(Beginning of Dataset content)

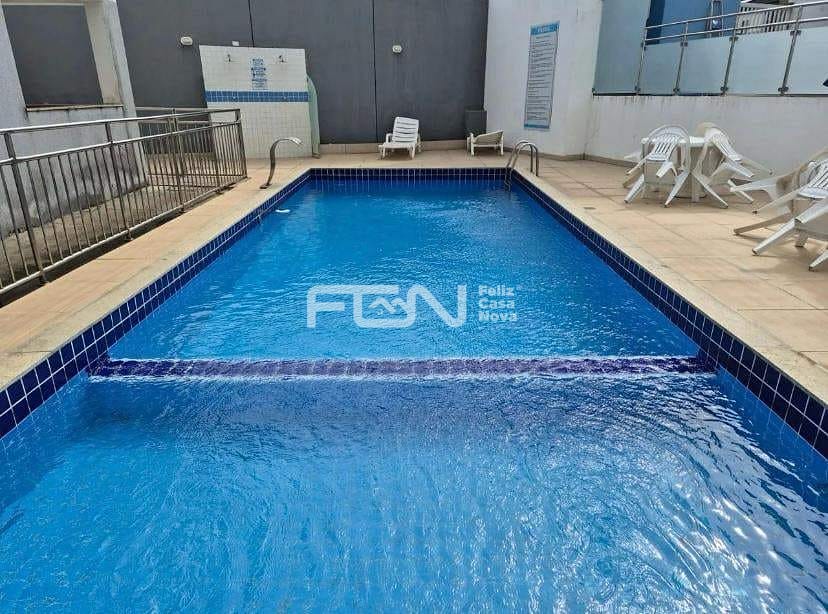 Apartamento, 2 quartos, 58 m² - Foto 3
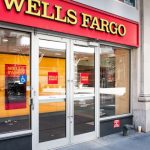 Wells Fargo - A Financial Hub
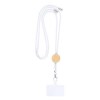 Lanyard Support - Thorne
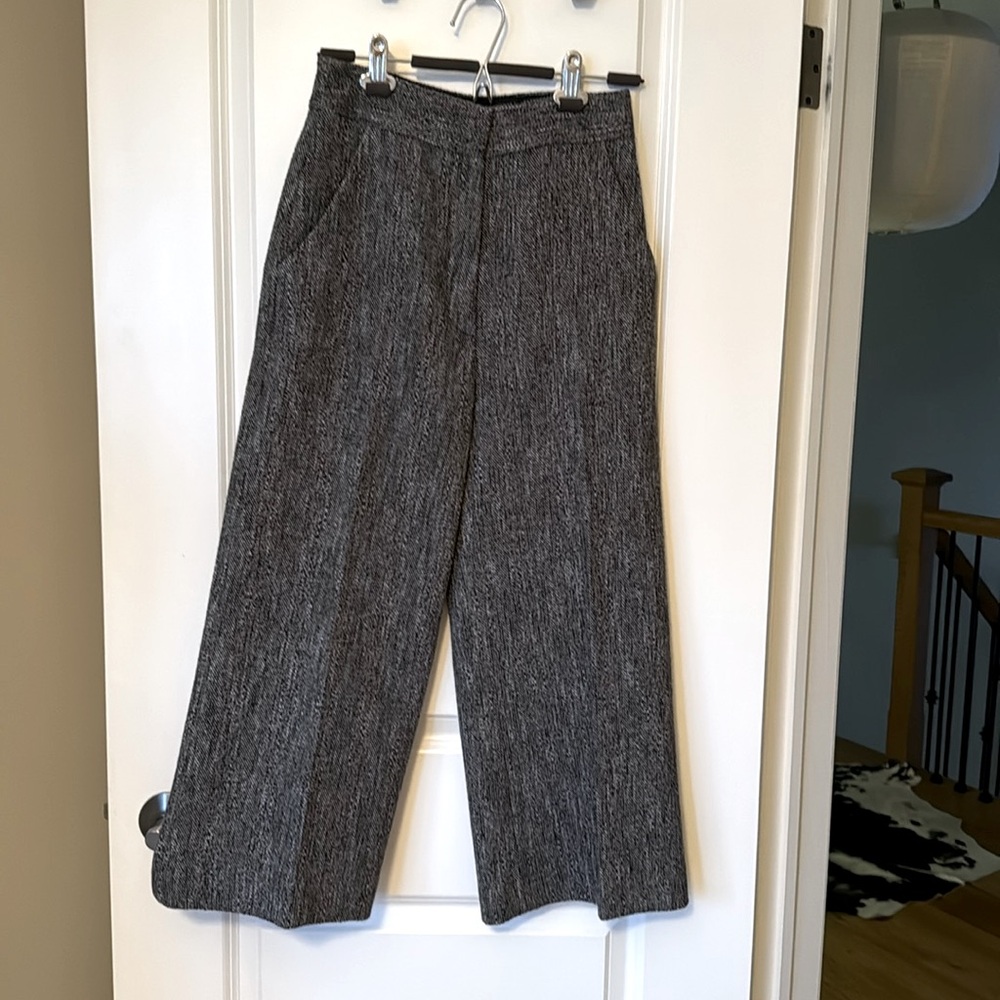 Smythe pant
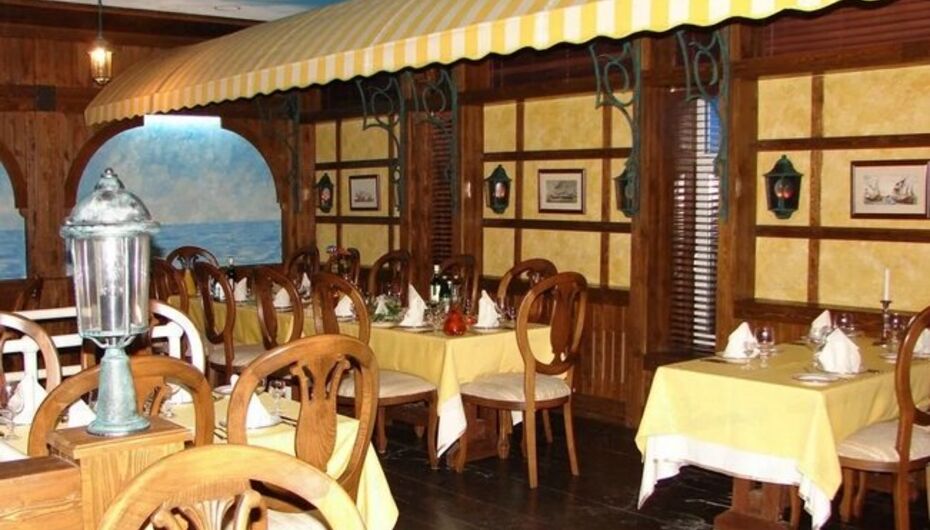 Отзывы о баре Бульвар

(End of Dataset content)

**Task to carry out**
With pictures left out, print the lines of the material above from the line containing "Wells Fargo - A Financial Hub" through its last line, exactly and nothing more.

**Solution**
 Wells Fargo - A Financial Hub
 Lanyard Support - Thorne
 Smythe pant
 Отзывы о баре Бульвар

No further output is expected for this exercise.